#### TASK OBJECTIVE
In the entries below, find the line with "Gaststätte Großmarkthalle by null" and the line with "Saran Clear Food Wrap 1 pk". Repeat exactly everything between them, those two lines included, but not the pictures.
(DATA PROVIDED begins)
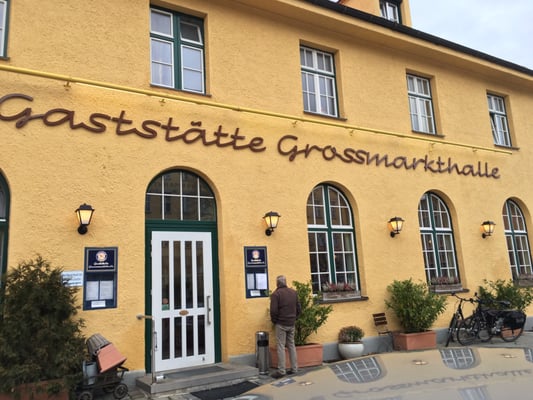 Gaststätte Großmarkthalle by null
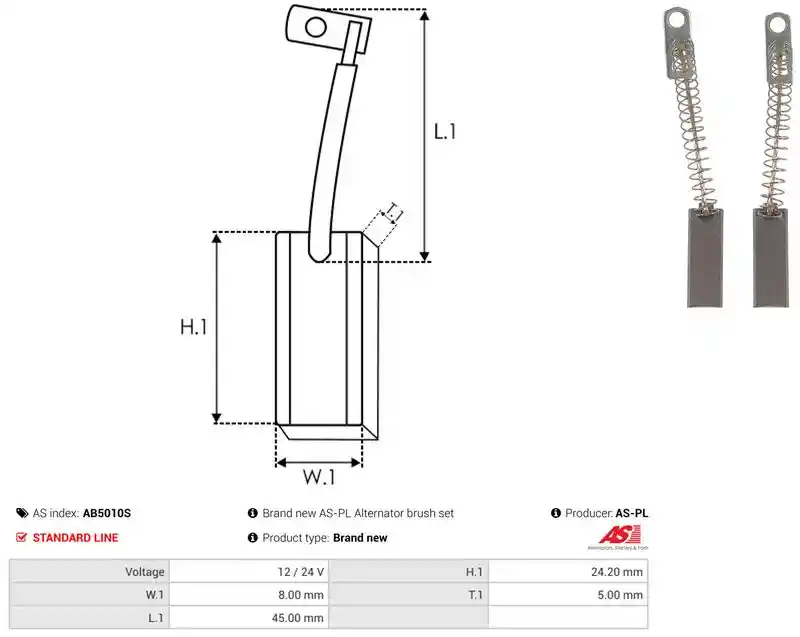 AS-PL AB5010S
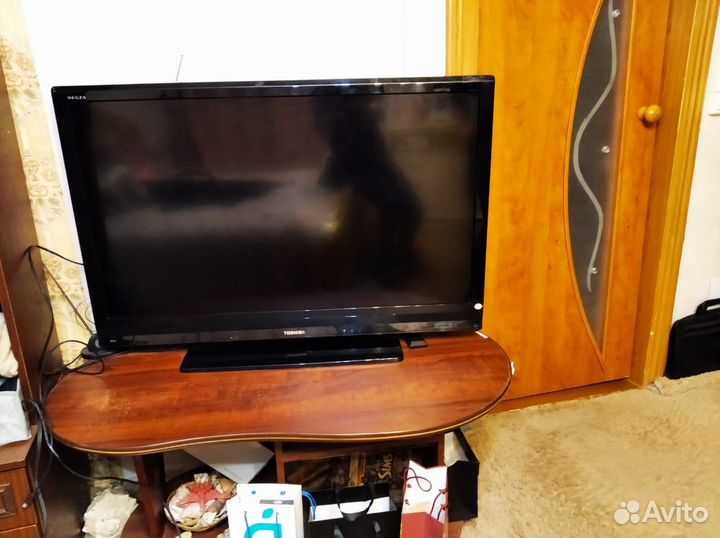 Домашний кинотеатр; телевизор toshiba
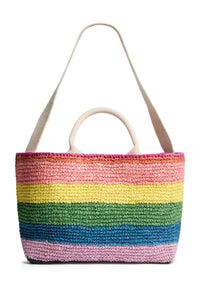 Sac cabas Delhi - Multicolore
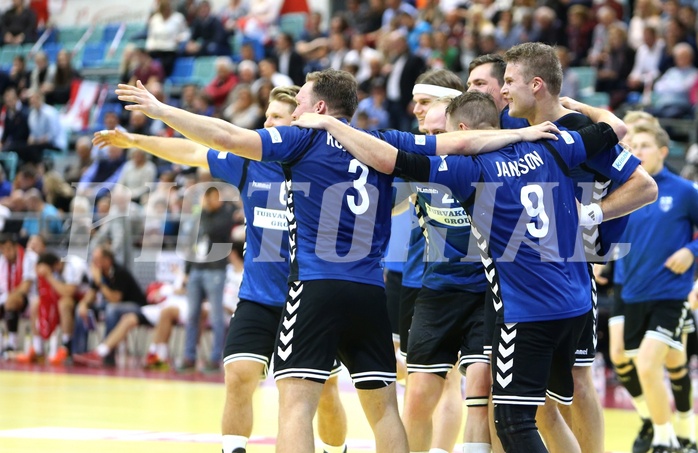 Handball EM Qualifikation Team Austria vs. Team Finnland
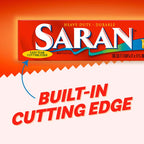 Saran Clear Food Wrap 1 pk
(DATA PROVIDED ends)
(DATA PROVIDED begins)
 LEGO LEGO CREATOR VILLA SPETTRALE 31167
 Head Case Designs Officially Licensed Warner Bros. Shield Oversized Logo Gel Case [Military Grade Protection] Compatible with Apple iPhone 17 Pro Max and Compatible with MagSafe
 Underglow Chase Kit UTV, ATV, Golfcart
(DATA PROVIDED ends)
(DATA PROVIDED begins)
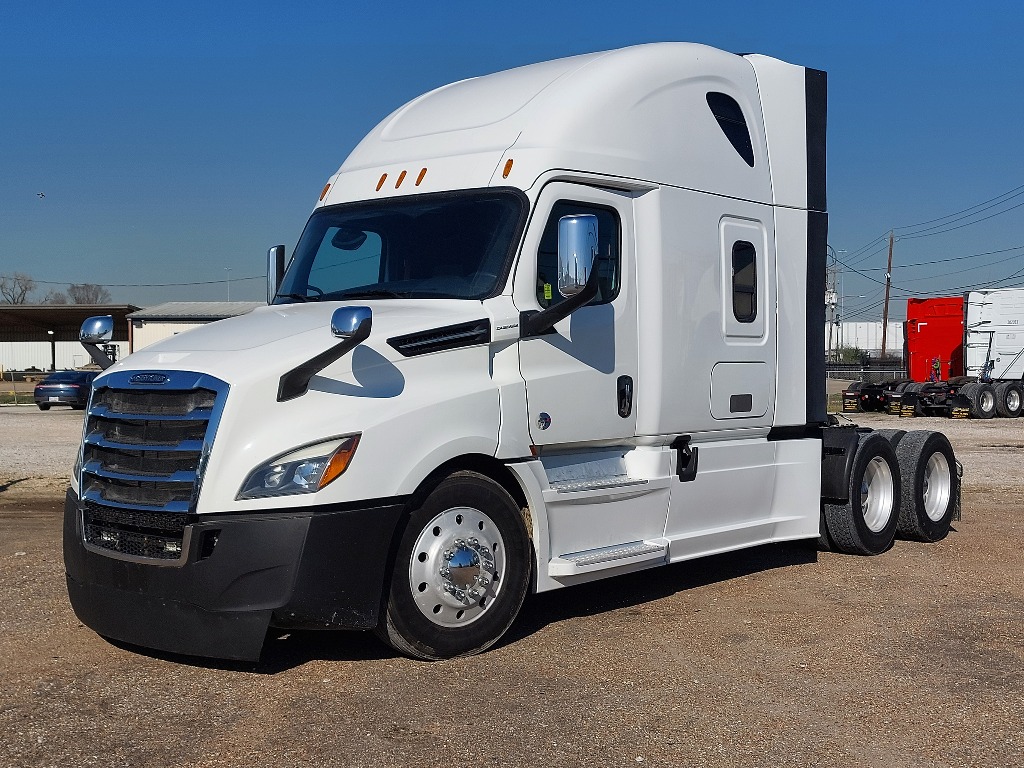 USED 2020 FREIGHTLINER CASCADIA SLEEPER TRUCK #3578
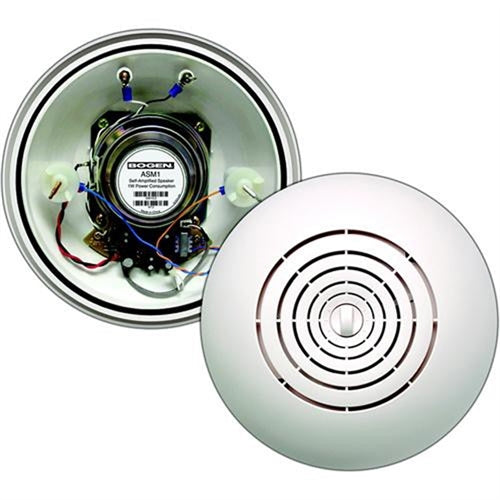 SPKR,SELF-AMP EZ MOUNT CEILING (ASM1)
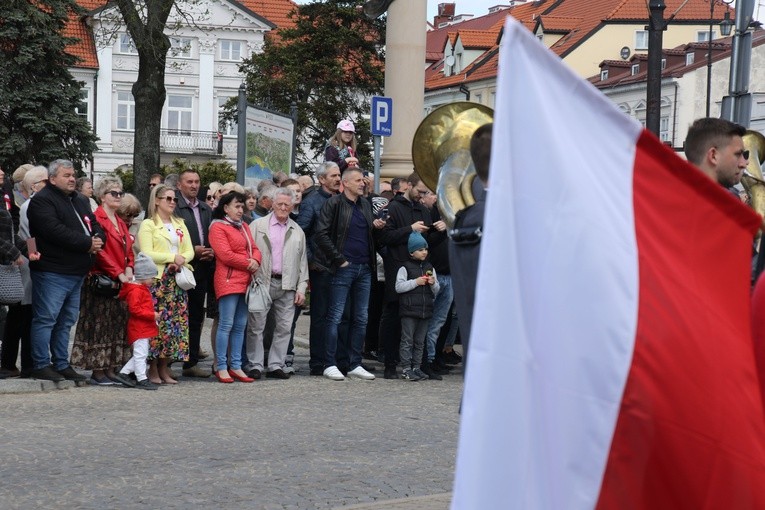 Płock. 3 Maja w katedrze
(DATA PROVIDED ends)
#### WRITTEN SOLUTION
 Gaststätte Großmarkthalle by null
 AS-PL AB5010S
 Домашний кинотеатр; телевизор toshiba
 Sac cabas Delhi - Multicolore
 Handball EM Qualifikation Team Austria vs. Team Finnland
 Saran Clear Food Wrap 1 pk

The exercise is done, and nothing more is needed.